Quand la démocratie au Canada (semble) en perdition…

14733124080_9bc91a7002_zDure semaine pour la démocratie (provinciale) au Canada. Selon des révélations de Radio-Canada, l’actuel président du Conseil du Trésor du Québec, Sam Hamad, aurait été impliqué directement dans une affaire de trafic de d’influences avec Marc-Yvan Côté, mis en cause par la Commission Charbonneau dans les stratagèmes de financement politique illégaux et l’une des sept personnes arrêtées dans la frappe de l’UPAC, le 17 mars dernier. Devant l’ampleur de ces révélations, M. Hamad a dû se résoudre à quitter temporairement ses fonctions, le temps que le Commissaire à l’éthique du Québec fasse enquête.

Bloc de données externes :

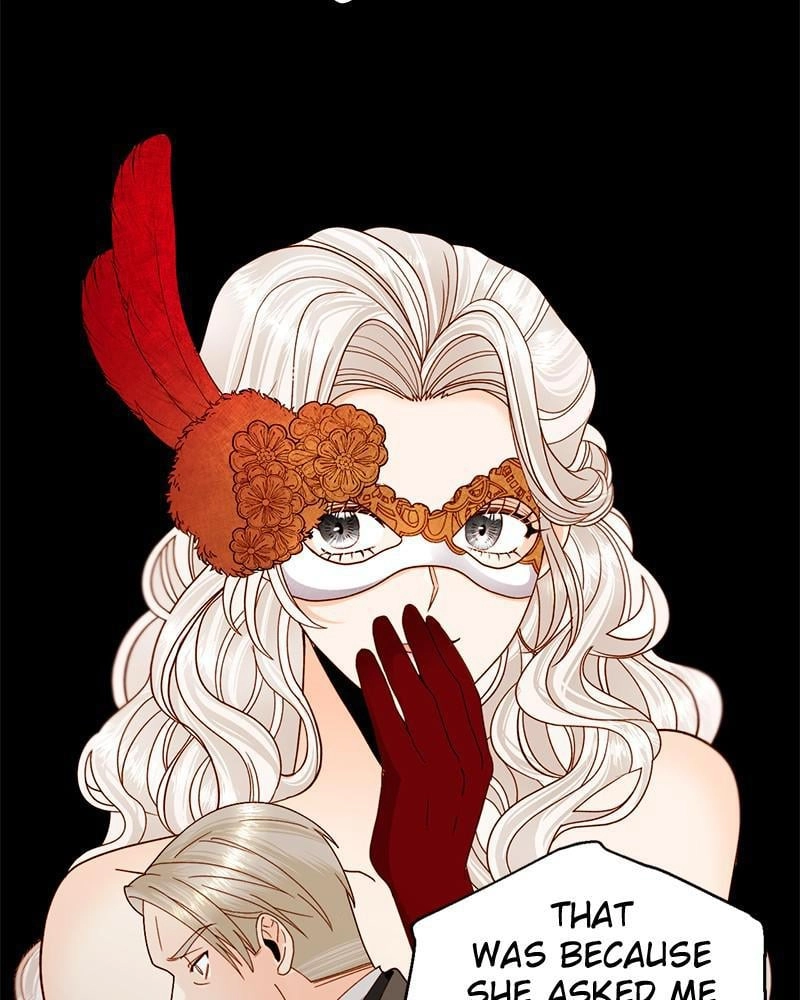 Remarried Empress Chapter 107, page 15 of 99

En parallèle, des révélations du Globe and Mail et du Toronto Star nous apprennent que les règles de financement des libéraux d’Ontario n’ont absolument rien à envier à celles des libéraux québécois dans les belles années pré-Commission Charbonneau. En effet, alors qu’au Québec un député-ministre devait, à l’époque, recueillir jusqu’à 100 000$ en financement par année, du côté de l’Ontario, on apprend que la fourchette oscille entre 250 000, 300 000, voire 500 000$ par année. Ces chiffres ont de quoi faire sourciller, surtout lorsqu’on sait que l’Ontario est dans une période de déficits budgétaires importants, au moins jusqu’en 2016-2017. L’image qui en résulte pour le commun des contribuables est plutôt désastreuse.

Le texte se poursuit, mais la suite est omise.